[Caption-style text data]
..............................
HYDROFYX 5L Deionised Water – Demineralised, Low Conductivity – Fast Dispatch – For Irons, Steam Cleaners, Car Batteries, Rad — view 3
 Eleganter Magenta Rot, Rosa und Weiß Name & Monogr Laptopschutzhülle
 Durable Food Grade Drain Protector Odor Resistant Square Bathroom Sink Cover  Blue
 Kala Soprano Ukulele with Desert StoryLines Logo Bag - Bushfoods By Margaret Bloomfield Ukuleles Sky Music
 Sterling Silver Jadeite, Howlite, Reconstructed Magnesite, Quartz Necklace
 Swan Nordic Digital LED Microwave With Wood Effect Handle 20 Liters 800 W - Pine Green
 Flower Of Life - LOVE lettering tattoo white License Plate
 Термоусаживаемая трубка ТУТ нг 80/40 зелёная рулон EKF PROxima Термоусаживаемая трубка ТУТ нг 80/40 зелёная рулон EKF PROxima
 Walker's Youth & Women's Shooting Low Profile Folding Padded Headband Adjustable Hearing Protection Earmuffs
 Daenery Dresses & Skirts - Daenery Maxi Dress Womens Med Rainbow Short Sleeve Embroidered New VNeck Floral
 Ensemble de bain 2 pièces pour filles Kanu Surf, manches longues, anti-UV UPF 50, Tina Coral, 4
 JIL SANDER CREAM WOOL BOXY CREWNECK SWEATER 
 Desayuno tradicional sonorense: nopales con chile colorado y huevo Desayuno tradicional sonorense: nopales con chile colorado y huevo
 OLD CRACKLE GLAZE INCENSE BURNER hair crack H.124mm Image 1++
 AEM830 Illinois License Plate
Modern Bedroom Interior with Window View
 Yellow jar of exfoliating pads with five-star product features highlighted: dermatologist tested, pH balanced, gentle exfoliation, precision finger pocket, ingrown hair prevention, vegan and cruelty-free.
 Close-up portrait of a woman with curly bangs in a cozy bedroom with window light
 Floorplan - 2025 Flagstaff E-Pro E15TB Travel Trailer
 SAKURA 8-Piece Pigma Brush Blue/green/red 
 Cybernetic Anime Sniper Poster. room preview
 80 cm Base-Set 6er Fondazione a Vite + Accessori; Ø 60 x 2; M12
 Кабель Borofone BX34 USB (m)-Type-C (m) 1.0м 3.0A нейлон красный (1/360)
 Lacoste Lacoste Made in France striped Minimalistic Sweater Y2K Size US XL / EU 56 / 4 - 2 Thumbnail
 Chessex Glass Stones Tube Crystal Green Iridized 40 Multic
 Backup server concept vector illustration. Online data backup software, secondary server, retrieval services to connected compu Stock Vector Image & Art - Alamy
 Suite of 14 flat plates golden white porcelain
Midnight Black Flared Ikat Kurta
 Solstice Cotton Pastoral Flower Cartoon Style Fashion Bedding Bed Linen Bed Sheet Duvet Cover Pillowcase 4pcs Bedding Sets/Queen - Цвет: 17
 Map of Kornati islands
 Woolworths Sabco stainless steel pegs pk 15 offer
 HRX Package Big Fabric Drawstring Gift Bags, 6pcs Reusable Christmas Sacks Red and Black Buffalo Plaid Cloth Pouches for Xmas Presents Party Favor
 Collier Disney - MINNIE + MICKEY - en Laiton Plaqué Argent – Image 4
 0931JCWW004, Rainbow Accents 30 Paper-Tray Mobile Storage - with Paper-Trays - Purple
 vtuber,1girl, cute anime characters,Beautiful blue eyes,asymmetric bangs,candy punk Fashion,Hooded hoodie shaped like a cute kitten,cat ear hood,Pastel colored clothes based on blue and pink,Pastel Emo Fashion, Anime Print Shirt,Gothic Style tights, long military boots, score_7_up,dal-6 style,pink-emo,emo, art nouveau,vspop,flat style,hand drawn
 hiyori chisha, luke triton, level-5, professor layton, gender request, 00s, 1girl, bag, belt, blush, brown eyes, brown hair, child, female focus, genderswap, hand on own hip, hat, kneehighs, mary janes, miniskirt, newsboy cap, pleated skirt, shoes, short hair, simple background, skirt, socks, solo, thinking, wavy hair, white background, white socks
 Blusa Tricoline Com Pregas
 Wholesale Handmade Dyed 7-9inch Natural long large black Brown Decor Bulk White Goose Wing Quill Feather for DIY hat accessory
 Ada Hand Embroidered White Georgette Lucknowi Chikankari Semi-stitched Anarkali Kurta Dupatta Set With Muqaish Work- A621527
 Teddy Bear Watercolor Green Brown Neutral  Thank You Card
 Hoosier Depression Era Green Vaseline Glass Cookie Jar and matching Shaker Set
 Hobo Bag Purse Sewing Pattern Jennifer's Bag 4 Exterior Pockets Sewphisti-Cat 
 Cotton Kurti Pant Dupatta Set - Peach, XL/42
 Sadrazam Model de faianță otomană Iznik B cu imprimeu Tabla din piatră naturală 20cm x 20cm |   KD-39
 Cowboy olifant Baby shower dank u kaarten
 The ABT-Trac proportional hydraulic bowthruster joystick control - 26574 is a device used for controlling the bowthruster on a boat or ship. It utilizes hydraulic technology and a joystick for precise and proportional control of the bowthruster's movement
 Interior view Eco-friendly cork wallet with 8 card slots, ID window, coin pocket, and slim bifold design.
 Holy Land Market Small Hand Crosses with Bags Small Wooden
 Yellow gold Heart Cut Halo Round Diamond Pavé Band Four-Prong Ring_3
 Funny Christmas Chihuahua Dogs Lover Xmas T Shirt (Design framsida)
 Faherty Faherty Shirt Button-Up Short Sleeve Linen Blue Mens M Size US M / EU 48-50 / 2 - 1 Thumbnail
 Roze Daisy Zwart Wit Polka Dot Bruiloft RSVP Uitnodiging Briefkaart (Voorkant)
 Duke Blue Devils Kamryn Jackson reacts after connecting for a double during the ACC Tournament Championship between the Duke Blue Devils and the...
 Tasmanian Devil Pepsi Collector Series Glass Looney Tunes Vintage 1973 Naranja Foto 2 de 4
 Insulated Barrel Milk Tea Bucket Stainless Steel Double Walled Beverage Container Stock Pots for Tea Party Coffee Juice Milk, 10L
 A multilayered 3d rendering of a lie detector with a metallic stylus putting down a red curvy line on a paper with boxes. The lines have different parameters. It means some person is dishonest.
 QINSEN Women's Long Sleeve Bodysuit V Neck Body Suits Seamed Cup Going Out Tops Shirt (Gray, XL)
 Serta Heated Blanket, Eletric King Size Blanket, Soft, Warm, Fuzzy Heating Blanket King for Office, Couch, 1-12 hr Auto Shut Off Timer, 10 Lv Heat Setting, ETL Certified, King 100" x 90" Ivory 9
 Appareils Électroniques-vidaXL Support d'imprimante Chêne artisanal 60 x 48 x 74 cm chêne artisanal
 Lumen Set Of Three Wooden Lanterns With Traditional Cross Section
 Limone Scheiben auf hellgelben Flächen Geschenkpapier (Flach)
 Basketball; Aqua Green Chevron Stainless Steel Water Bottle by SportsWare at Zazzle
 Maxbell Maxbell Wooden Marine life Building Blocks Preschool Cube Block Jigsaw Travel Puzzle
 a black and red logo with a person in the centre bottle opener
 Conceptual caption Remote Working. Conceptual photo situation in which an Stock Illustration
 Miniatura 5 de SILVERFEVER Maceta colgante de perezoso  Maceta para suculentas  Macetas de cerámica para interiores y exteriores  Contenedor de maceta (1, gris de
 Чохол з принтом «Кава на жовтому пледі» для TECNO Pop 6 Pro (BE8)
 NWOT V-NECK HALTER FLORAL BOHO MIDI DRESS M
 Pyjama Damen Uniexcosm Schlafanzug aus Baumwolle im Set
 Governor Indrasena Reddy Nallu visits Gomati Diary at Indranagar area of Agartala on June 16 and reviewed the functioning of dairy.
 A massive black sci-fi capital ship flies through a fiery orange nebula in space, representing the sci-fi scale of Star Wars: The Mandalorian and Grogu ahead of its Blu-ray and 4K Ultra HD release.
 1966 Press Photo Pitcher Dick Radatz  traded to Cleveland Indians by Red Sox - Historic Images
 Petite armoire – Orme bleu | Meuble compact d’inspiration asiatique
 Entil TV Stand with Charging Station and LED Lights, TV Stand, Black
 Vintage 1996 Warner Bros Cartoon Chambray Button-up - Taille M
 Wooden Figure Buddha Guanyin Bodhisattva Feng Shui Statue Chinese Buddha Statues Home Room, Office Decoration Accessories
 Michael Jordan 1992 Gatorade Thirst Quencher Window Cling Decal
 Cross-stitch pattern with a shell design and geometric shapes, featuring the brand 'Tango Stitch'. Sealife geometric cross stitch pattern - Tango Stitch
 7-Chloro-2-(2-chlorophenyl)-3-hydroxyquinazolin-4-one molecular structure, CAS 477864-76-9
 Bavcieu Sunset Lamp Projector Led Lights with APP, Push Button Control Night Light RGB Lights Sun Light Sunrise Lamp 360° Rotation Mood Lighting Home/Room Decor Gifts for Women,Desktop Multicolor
..............................
[Activity] Beginning of the records through the line with "Flower Of Life": return that span exactly and stop there.

[Answer]
HYDROFYX 5L Deionised Water – Demineralised, Low Conductivity – Fast Dispatch – For Irons, Steam Cleaners, Car Batteries, Rad — view 3
 Eleganter Magenta Rot, Rosa und Weiß Name & Monogr Laptopschutzhülle
 Durable Food Grade Drain Protector Odor Resistant Square Bathroom Sink Cover  Blue
 Kala Soprano Ukulele with Desert StoryLines Logo Bag - Bushfoods By Margaret Bloomfield Ukuleles Sky Music
 Sterling Silver Jadeite, Howlite, Reconstructed Magnesite, Quartz Necklace
 Swan Nordic Digital LED Microwave With Wood Effect Handle 20 Liters 800 W - Pine Green
 Flower Of Life - LOVE lettering tattoo white License Plate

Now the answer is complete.